» **WHAT TO WORK ON**
With the images removed, write out every line below exactly.
#### DATA BLOCK
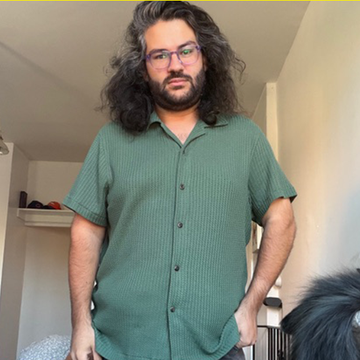 Side-by-side comparison of two photos showing mike armory before and after losing weight Side-by-side comparison of two photos showing mike armory before and after losing weight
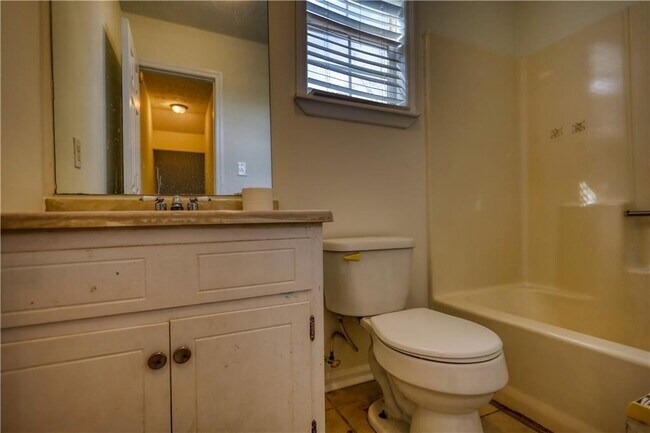 Building Photo - 2475 Nugget Dr SW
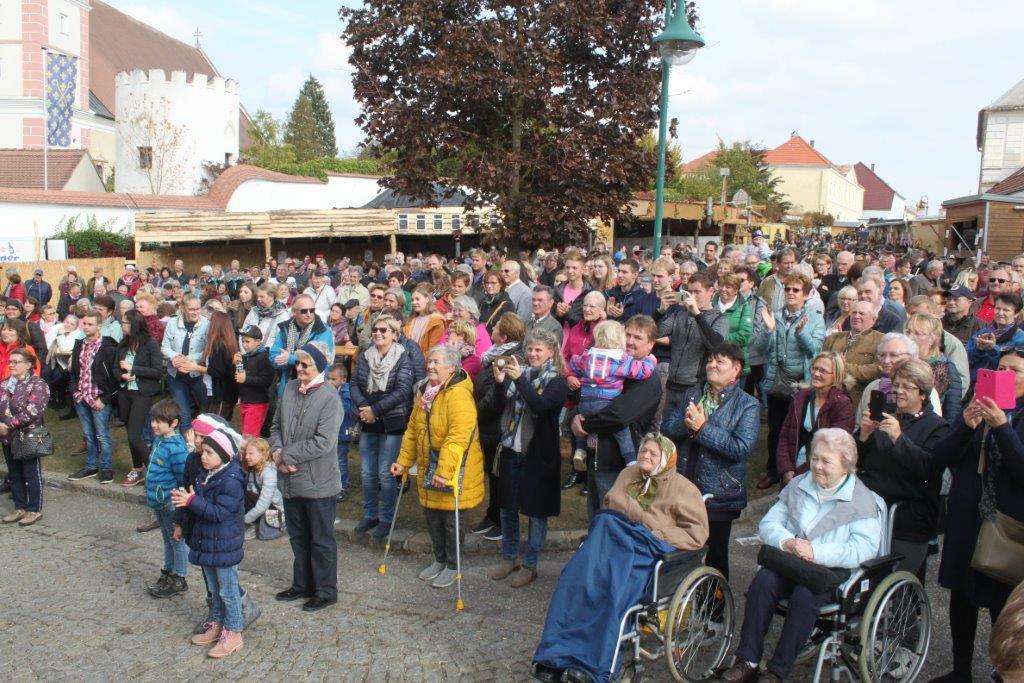 Trachtenmodenschau-2019-c-ARGE-Erdäpfelfest-Geras-56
########
» **ANSWER BELOW**
 Side-by-side comparison of two photos showing mike armory before and after losing weight Side-by-side comparison of two photos showing mike armory before and after losing weight
 Building Photo - 2475 Nugget Dr SW
 Trachtenmodenschau-2019-c-ARGE-Erdäpfelfest-Geras-56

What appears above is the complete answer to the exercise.